The main reason I chose it over an H5 model (which is better supported, AFAICT) is that it has both HDMI and MIPI-DSI outputs; my application wants both a larger HDMI display and a small touch panel.

Using 2 display outputs at the same time would is complicated and AFAIK it is not implemented yet - neither on the legacy nor on the mainline kernel.

 

9 minutes ago, fraveydank said:

Alas, I don't think there are any compatibly pinned LCD panels out there, so I'll have to work up an adaptor board some time and get a MIPI panel.

I would guess that Pine64 displays should be supported if connector pinouts are the same.

 

9 minutes ago, fraveydank said:

The other nice thing about the A64 vs. the A31s (which I have in the frankly underwhelming-for-the-price Banana Pi M2) is that it has a Mali GPU, which at least has a chance in hell of being supported in an open distribution.

For non-Android distributions it is mostly useless anyway, even if you could find a compatible 64-bit userspace library for it. So zero chances for "open", it needs a closed source blob in any case.

 

9 minutes ago, fraveydank said:

The other interesting thing that the A64 has is a smartcard reader.

Older SoCs like A20 also do have a smartcard block, but still there is no driver for it.

Link to comment
Share on other sites

4 minutes ago, zador.blood.stained said:

Using 2 display outputs at the same time would is complicated and AFAIK it is not implemented yet - neither on the legacy nor on the mainline kernel.

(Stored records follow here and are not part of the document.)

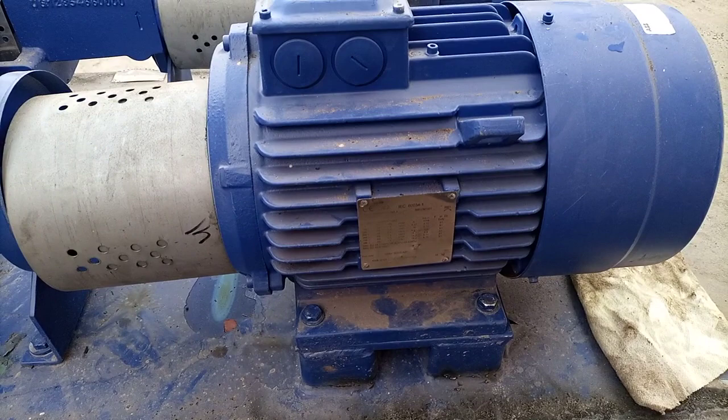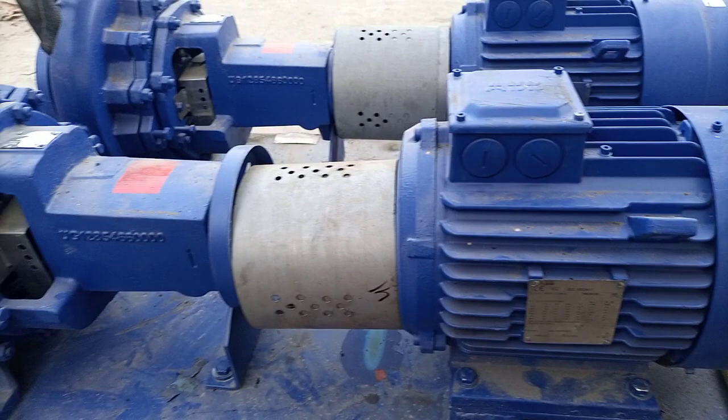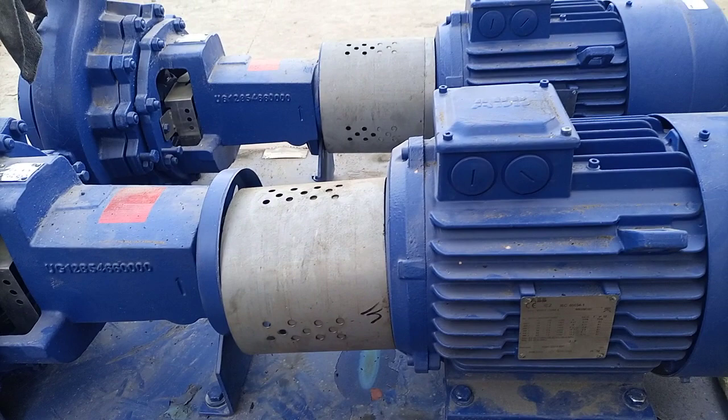As you can see, each motor is 7.5 kilowatt, 1500 RPM at 50 Hz frequency. These are the specs for these ABB motors and here is the pump.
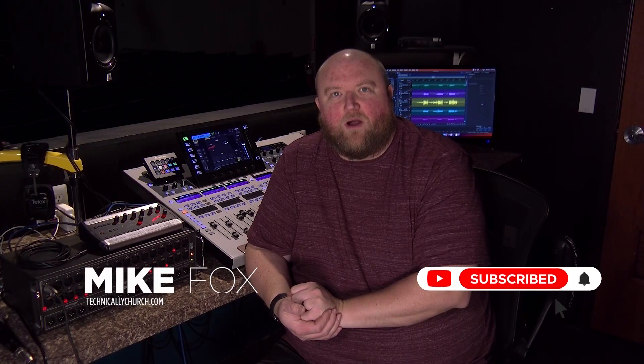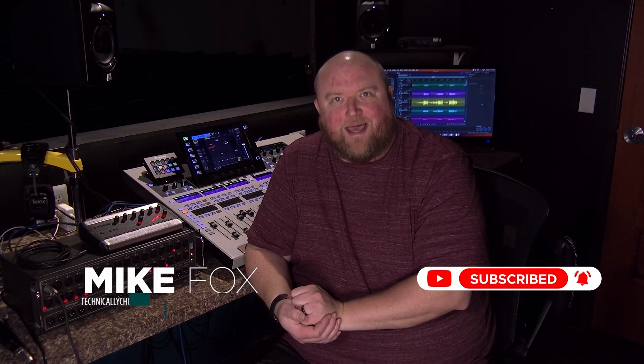Thanks for joining me today. My name is Mike. You can always find out more on my website, technicallychurch.com, or on my YouTube channel, Technically Church. Look forward to seeing you soon.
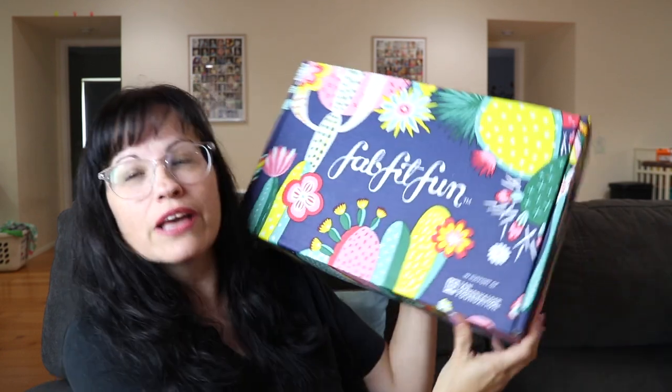Hey everybody, welcome back to our channel! Today I'm showing you what I got in my FabFitFun for spring — and here is the box. Look how pretty the box is! In case you haven't heard of FabFitFun, it is a seasonal subscription box that has beauty, fitness, and lifestyle stuff.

Well, yes, that is assumed.  Right now, I don't think either the HDMI or MIPI displays are supported on the true mainline kernel without patches (the matrix says the A64's HDMI is a WIP, while the LCD is a "no".

 

I'm not under any impression that it'll happen overnight. :-)

 

4 minutes ago, zador.blood.stained said:

I would guess that Pine64 displays should be supported if connector pinouts are the same.

 

In general, Xunlong's pinouts aren't the same as anyone's, at least if the CSI headers are any indication. I should probably check before I put the work/$$ into it, though.

 

4 minutes ago, zador.blood.stained said:

For non-Android distributions it is mostly useless anyway, even if you could find a compatible 64-bit userspace library for it. So zero chances for "open", it needs a closed source blob in any case.

 

Define "mostly useless"... I'm looking to write an EGL application that runs on the framebuffers, which doesn't require any of the massive overhead that Android involves.  "Open" is a bit of a misnomer, indeed, but we have Mali support on non-mainline 32-bit builds using the binary blobs.  I haven't done the research necessary for the 64-bit ones.

 

4 minutes ago, zador.blood.stained said:

Older SoCs like A20 also do have a smartcard block, but still there is no driver for it.

 

Indeed, I'd have to write it.  That's not a huge problem, I'm quite used to kernel code, though I haven't written a new Linux module since the 2.4 days... lots of catching up to do.

Link to comment
Share on other sites

4 minutes ago, fraveydank said:

In general, Xunlong's pinouts aren't the same as anyone's, at least if the CSI headers are any indication. I should probably check before I put the work/$$ into it, though.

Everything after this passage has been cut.